(Image-text web data):
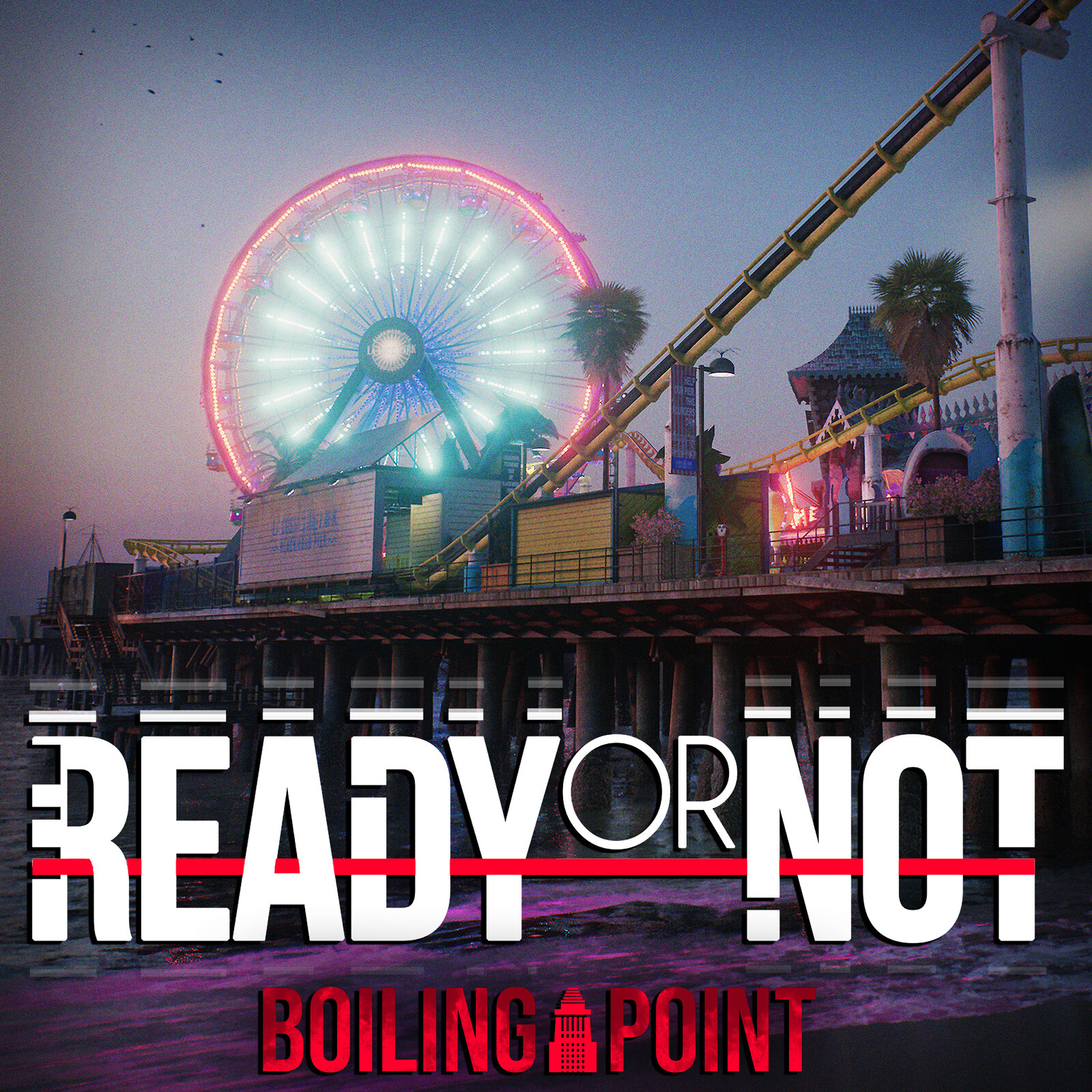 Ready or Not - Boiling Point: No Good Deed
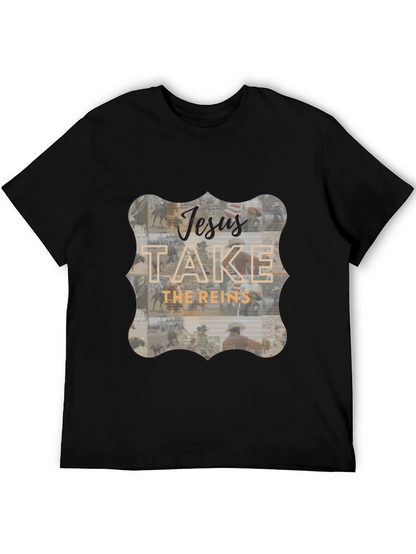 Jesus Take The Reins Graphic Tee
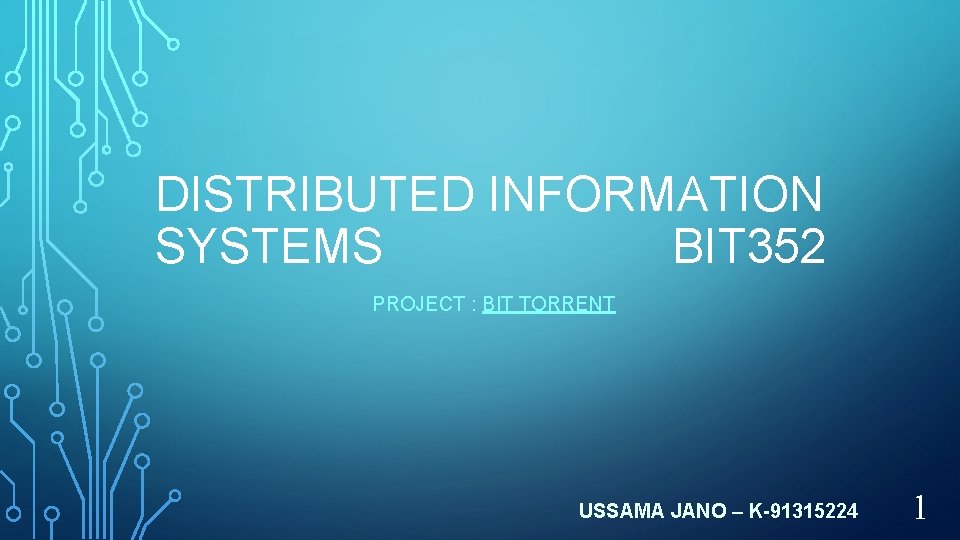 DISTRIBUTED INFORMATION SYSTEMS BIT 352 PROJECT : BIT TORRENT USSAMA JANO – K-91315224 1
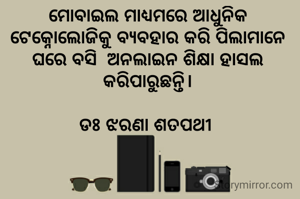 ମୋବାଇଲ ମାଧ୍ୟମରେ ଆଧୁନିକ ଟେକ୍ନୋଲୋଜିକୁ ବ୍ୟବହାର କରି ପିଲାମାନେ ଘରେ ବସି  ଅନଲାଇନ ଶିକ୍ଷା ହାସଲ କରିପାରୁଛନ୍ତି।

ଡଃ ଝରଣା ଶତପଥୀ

(Exercise details):
From the first line to the last, repeat the records above exactly, leaving out the pictures.

(Written response):
 Ready or Not - Boiling Point: No Good Deed
 Jesus Take The Reins Graphic Tee
 DISTRIBUTED INFORMATION SYSTEMS BIT 352 PROJECT : BIT TORRENT USSAMA JANO – K-91315224 1
 ମୋବାଇଲ ମାଧ୍ୟମରେ ଆଧୁନିକ ଟେକ୍ନୋଲୋଜିକୁ ବ୍ୟବହାର କରି ପିଲାମାନେ ଘରେ ବସି  ଅନଲାଇନ ଶିକ୍ଷା ହାସଲ କରିପାରୁଛନ୍ତି।

ଡଃ ଝରଣା ଶତପଥୀ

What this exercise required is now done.